The Strider report underscores that Chinese companies serve as essential intermediaries in the North Korean IT worker conspiracy. They provide technical infrastructure, cover for the scheme, and serve as financial conduits for money laundering. Strider reported China’s proximity to North Korea and its vast digital infrastructure and loosey-goosey regulatory environment make it an enticing place for North Korea to send its IT workers. They operate out of metropolitan areas like Beijing, Dalian, and Shenyang through front companies, joint ventures, or Chinese firms. 

“Nearly every Fortune 500 company has grappled with how to safeguard their workforce from the threat of infiltration by DPRK actors posing as IT workers,” Strider CEO and co-founder Greg Levesque told Fortune in a statement. “Our research at Strider reveals how front companies based in the PRC are enabling this coordinated DPRK campaign.”

In a statement, Chinese embassy spokesperson Liu Pengyu told Fortune he was not aware of the specifics in Strider’s report.

“We oppose false allegations and smears which have no factual ground at all,” Pengyu said.

North Korea Sanctions

In January, the Treasury’s Office of Foreign Assets Control (OFAC) sanctioned Liaoning China Trade Industry Co. for supplying the DPRK government with laptops, cables, graphics cards, and other equipment involved in carrying out the IT workers scheme. 

OFAC found Liaoning China Trade (LCT) had shipped the tech equipment to Department 53 of The Ministry of The People’s Armed Forces, which is a DPRK weapons-trading entity under the regime’s Ministry of National Defense. The OFAC action included two Department 53 front companies, Korea Osong Shipping Co. and Chonsurium Trading Corporation, for hosting delegations of DPRK IT workers at sites in Laos. Two people, one in Laos who managed the DPRK IT workers, Jong In Chol, and Son Kyong Sik in Shenyang, China, were also sanctioned. Son was identified as being the China-based chief representative of Department 53’s Osong front company. 

However, the Strider investigation concluded there may be more digging needed by U.S. authorities based on their findings.
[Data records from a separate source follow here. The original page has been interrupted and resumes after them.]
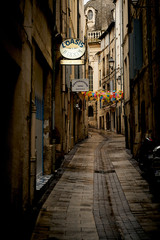 Streets of Montpellier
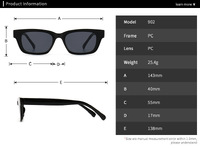 Sunglasses Elit modern 902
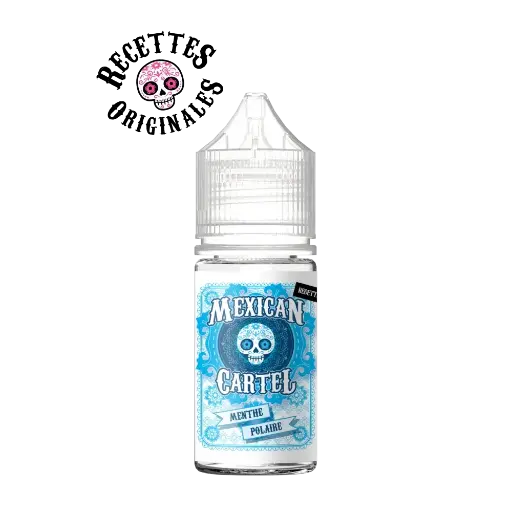 [Arô] M.C. - Menthe Polaire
LCT is linked to 35 other companies that could potentially be involved in the scheme and interwoven into the supply chains of businesses as vendors or third-party providers. All 35 are based in the People’s Republic of China and all are trade companies similar to LCT, in that they procure, manufacture, and ship goods all over the world. 
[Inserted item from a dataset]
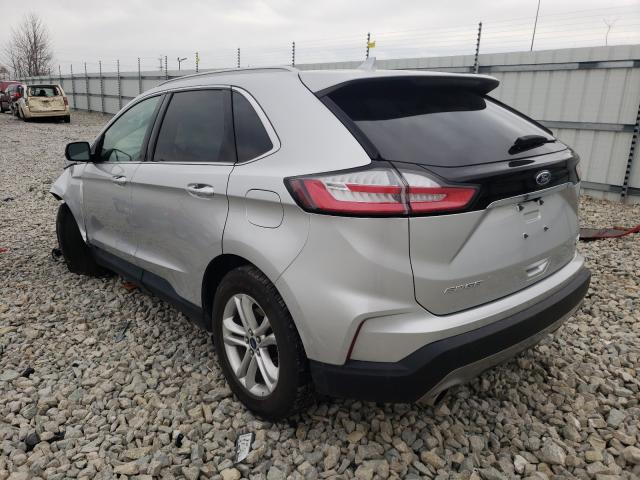 Photo 2 VIN: 2FMPK4J91KBB14907 - FORD EDGE SEL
One identified in the report, Dandong Deyun Trading Co., is registered in China as a wholesaler and retailer of textiles and electronics. Another, Guangzhou Aiyixi Trading Co., is registered as a wholesaler of cosmetics, daily necessities, commercial induction cookers, and bathroom mirror cabinets. A third, Yongping Zhuoren Mining Co. is a wholesaler of minerals and building products. 
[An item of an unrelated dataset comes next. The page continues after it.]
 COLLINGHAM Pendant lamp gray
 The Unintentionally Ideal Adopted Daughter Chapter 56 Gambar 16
The Strider report did not definitively conclude that the 35 companies linked to LCT are also providing support to the DPRK IT workers scheme but suggests that all could merit further investigation given the risk that companies could be unwittingly hiring North Korean workers.

“Treasury has begun announcing sanctions on individuals and entities engaged in these efforts, but a more wholesale examination of the infrastructure underpinning the DPRK worker scheme is crucial to upending it as an urgent corporate security threat,” said Levesque.

The Chinese embassy did not immediately respond to a request for comment.